▶ **EXERCISE AIM**: Reproduce the data that follows character for character, but omit its pictures.
* * * * * * * * *
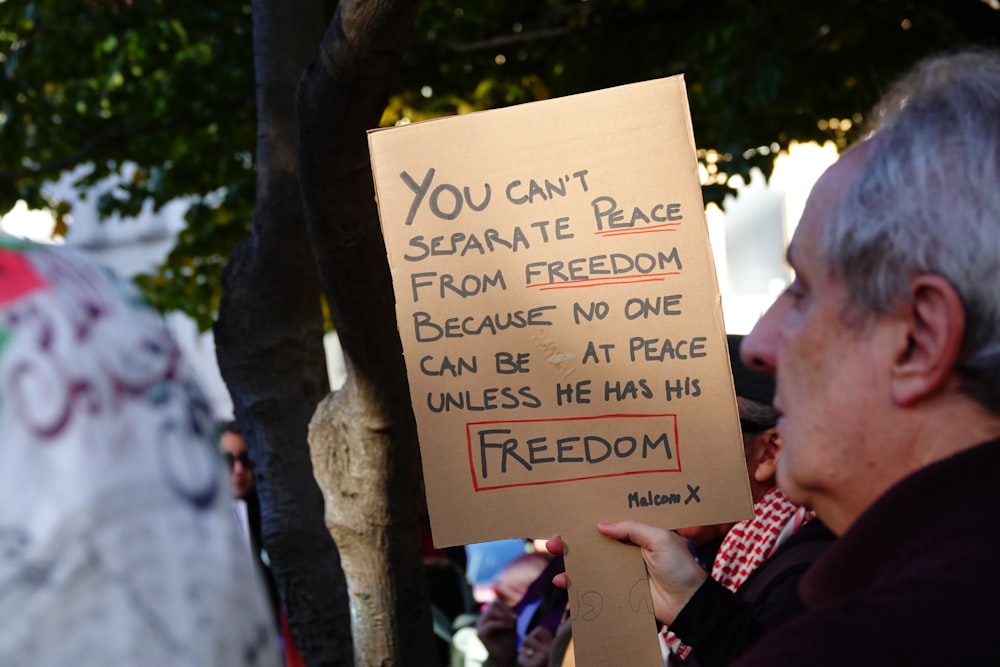 a man holding a sign that reads you can't sesamete bag from freedom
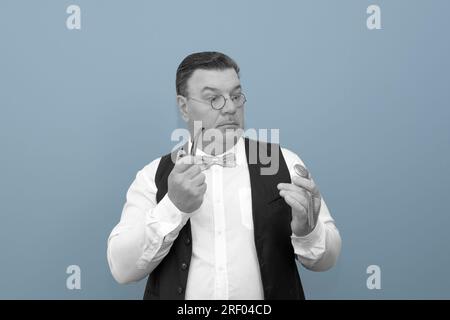 Die Zeit ist um. Komisches Retro-Phantombild eines Mannes. Taschenuhr in der Hand, Raucherpfeife, Fliege. Stockfoto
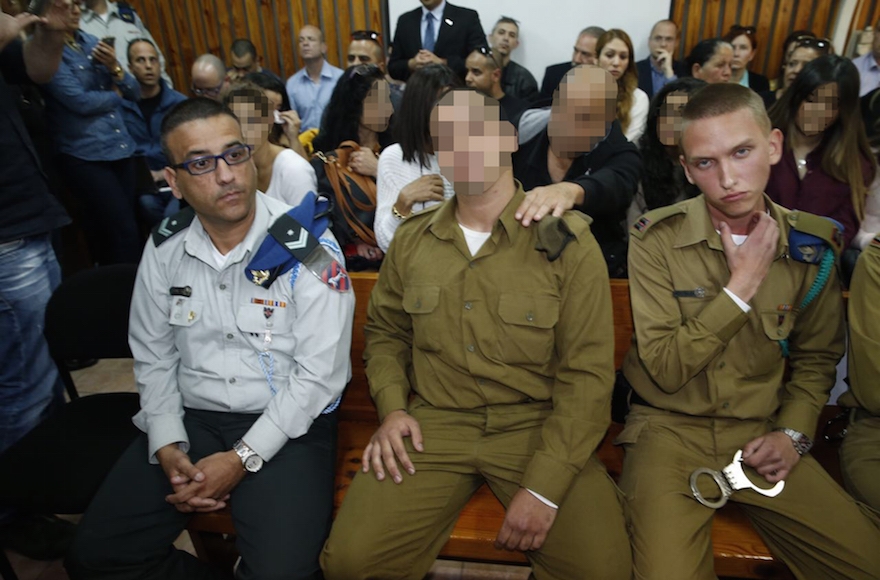 The Israeli soldier who shot a Palestinian attacker in Hebron arriving to a hearing at a military court near Kiryat Malachi, Israel, March 29, 2016. (Pool/Flash90)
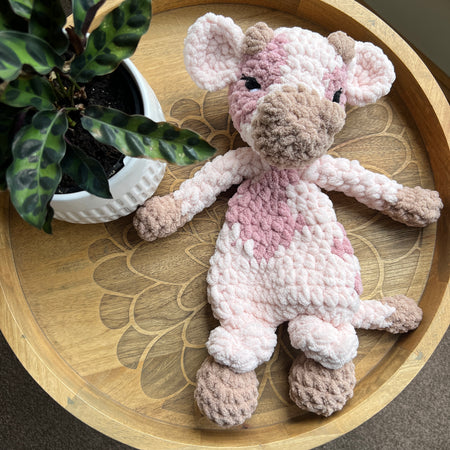 Handmade pink crochet cow lovey snuggler baby safe.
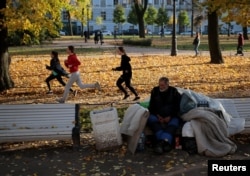 FILE - Youths train behind a homeless man sitting on a bench at the Alexander Garden on a sunny autumn day in St. Petersburg, Russia, Oct. 16, 2018.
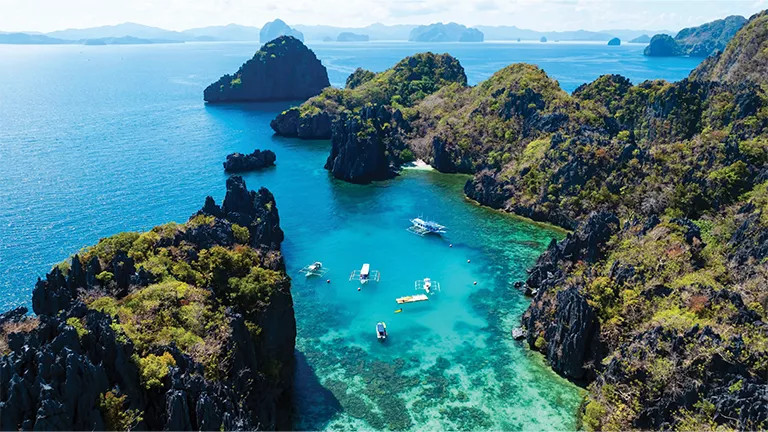 A small bay with boats and bright blue water in the Philippines.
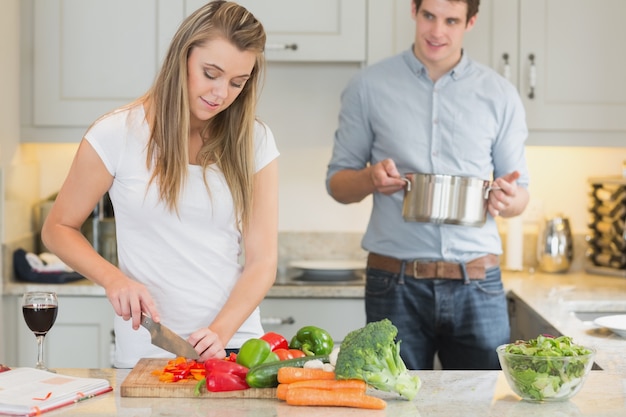 Homem que ajuda mulher com cozinhar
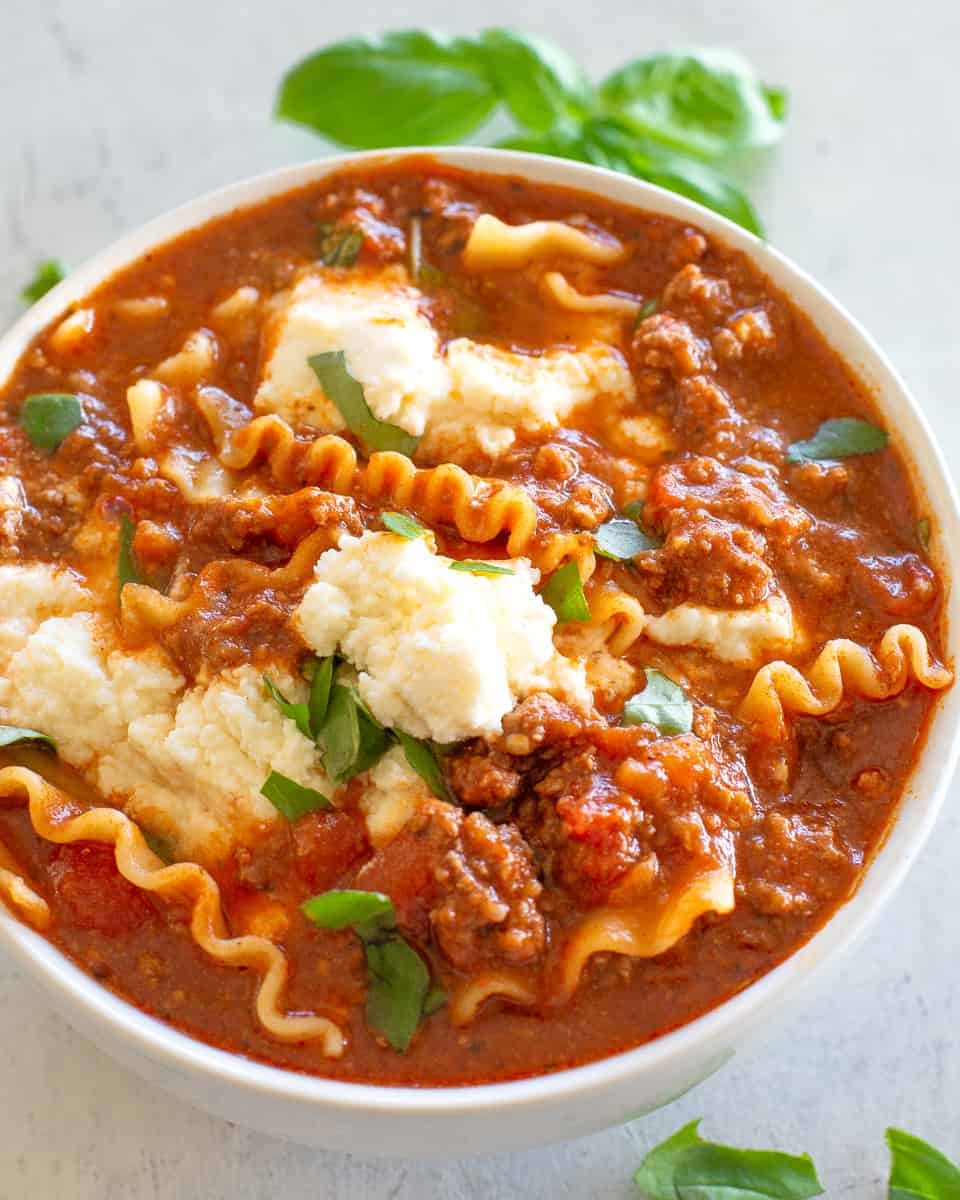 bowl of lasagna soup topped with ricotta cheese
* * * * * * * * *
▶ **ANSWER SECTION**:
 a man holding a sign that reads you can't sesamete bag from freedom
 Die Zeit ist um. Komisches Retro-Phantombild eines Mannes. Taschenuhr in der Hand, Raucherpfeife, Fliege. Stockfoto
 The Israeli soldier who shot a Palestinian attacker in Hebron arriving to a hearing at a military court near Kiryat Malachi, Israel, March 29, 2016. (Pool/Flash90)
 Handmade pink crochet cow lovey snuggler baby safe.
 FILE - Youths train behind a homeless man sitting on a bench at the Alexander Garden on a sunny autumn day in St. Petersburg, Russia, Oct. 16, 2018.
 A small bay with boats and bright blue water in the Philippines.
 Homem que ajuda mulher com cozinhar
 bowl of lasagna soup topped with ricotta cheese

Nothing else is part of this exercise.